### [About this exercise]
No pictures belong in the copy. Retype exactly, and only, the stretch of lines below from the one with "-海底捞火锅(高新活力汇店)" through the one with "2023 Jeep Grand Cherokee 4xe Summit Reserve".

### [Data listing]

--- START ---

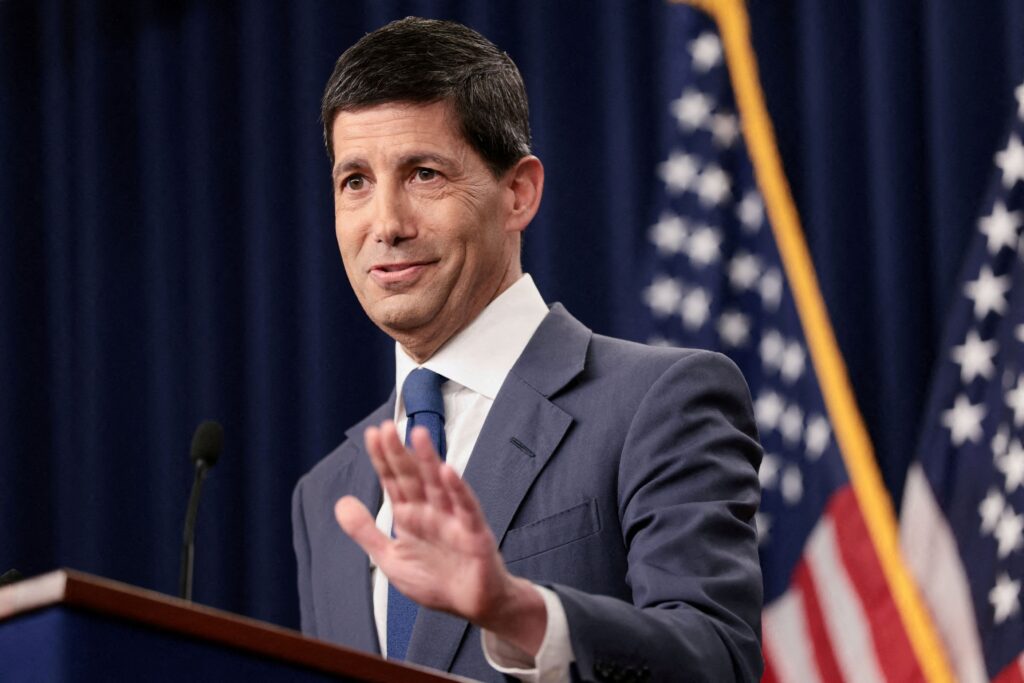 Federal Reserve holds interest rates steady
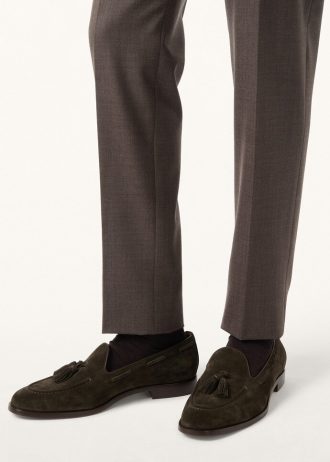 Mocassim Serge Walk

--- END ---
--- START ---

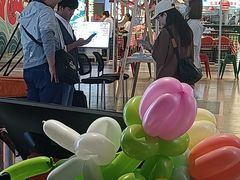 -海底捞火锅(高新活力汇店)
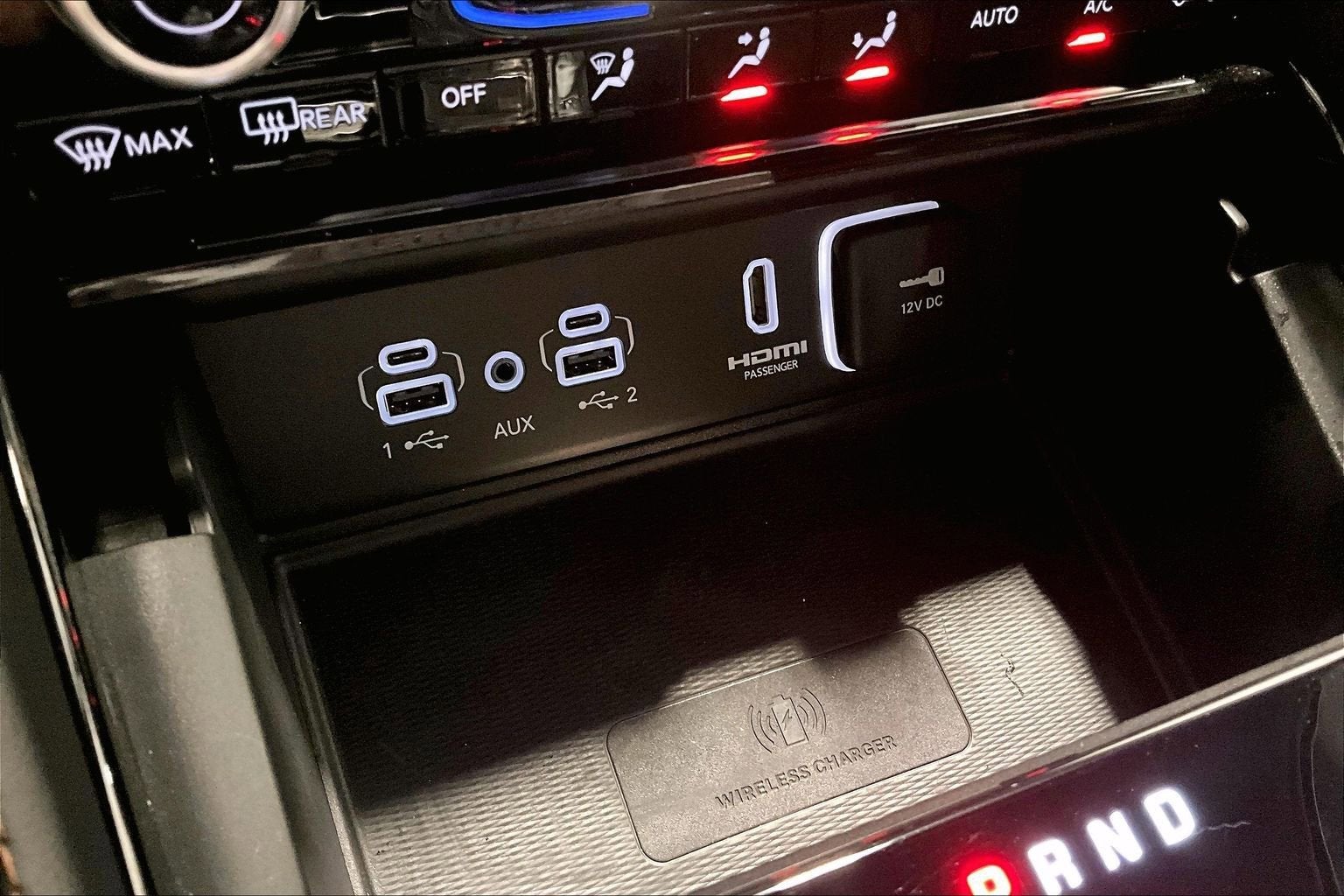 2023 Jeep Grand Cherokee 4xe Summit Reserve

--- END ---
--- START ---

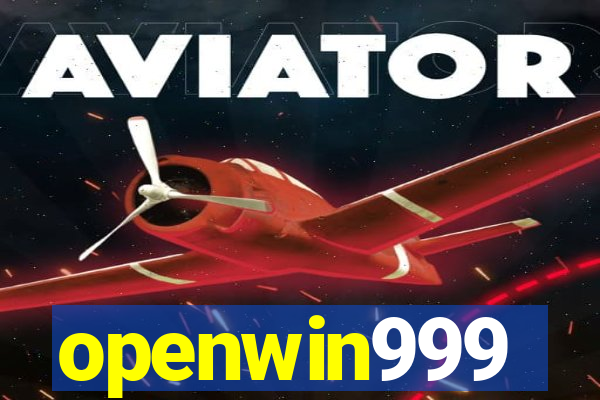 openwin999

--- END ---

### [Reply to the task]
 -海底捞火锅(高新活力汇店)
 2023 Jeep Grand Cherokee 4xe Summit Reserve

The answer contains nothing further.